=== AIM OF THE EXERCISE ===
All that is wanted is the exact text of the lines below from the one with "Mrežna kartica PCIe" through the one with "5th image of 199 Bleecker St APT 3C", inclusive, minus any pictures.

START AVAILABLE DATA

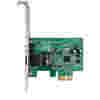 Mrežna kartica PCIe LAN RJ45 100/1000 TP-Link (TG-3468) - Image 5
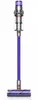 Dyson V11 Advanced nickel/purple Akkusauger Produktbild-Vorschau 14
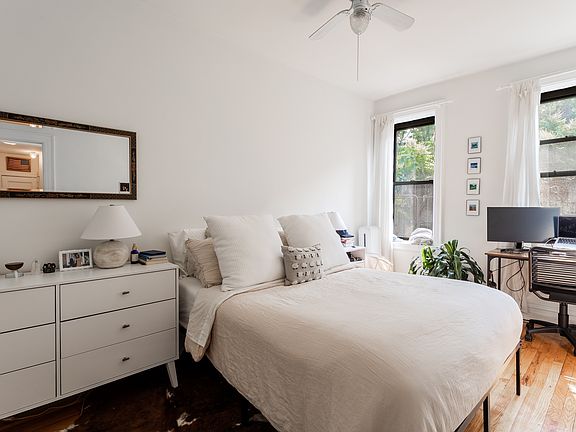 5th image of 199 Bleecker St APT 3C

END AVAILABLE DATA
START AVAILABLE DATA

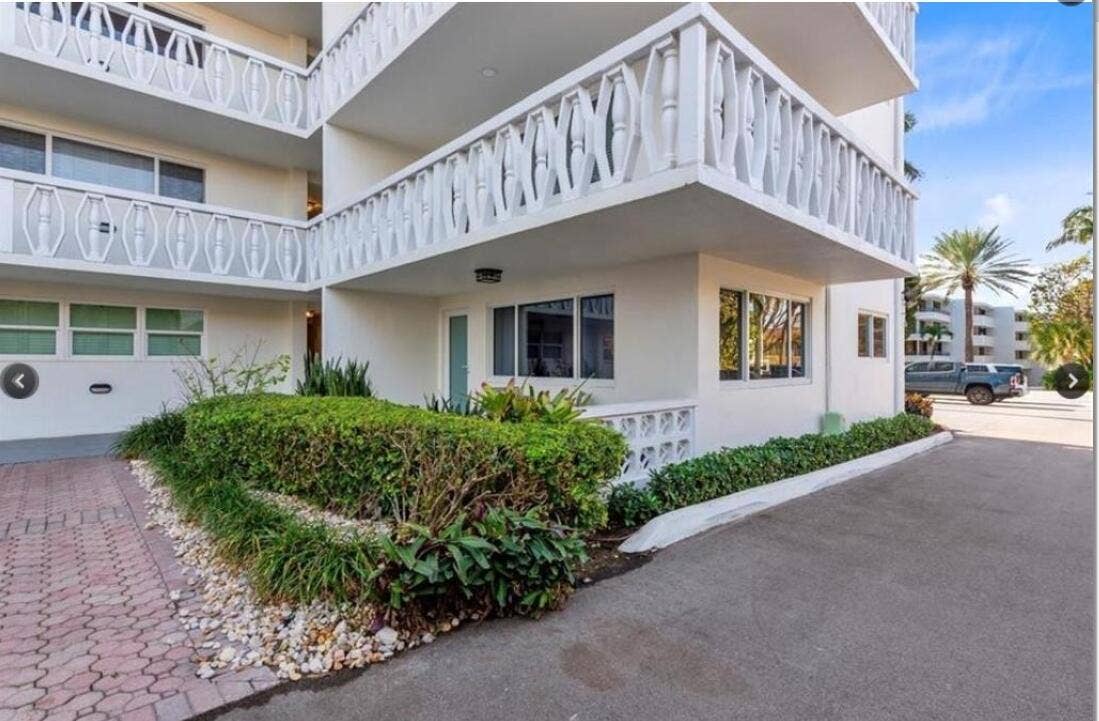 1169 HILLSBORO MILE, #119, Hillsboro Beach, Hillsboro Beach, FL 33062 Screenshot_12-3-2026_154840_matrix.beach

END AVAILABLE DATA
START AVAILABLE DATA

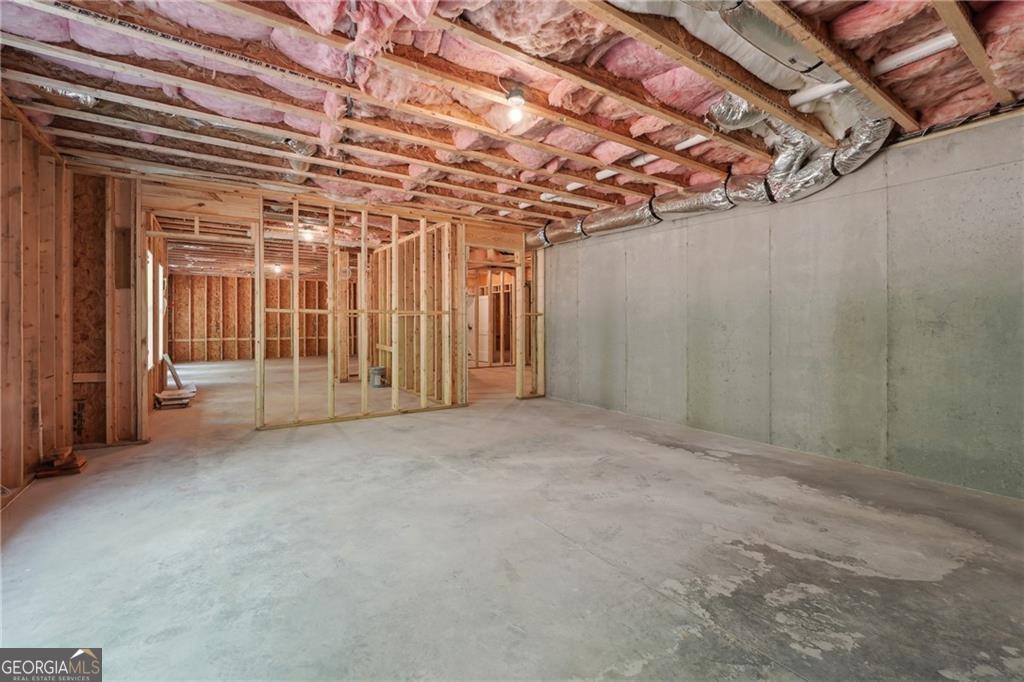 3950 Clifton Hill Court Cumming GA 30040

END AVAILABLE DATA

=== SOLVED EXERCISE ===
 Mrežna kartica PCIe LAN RJ45 100/1000 TP-Link (TG-3468) - Image 5
 Dyson V11 Advanced nickel/purple Akkusauger Produktbild-Vorschau 14
 5th image of 199 Bleecker St APT 3C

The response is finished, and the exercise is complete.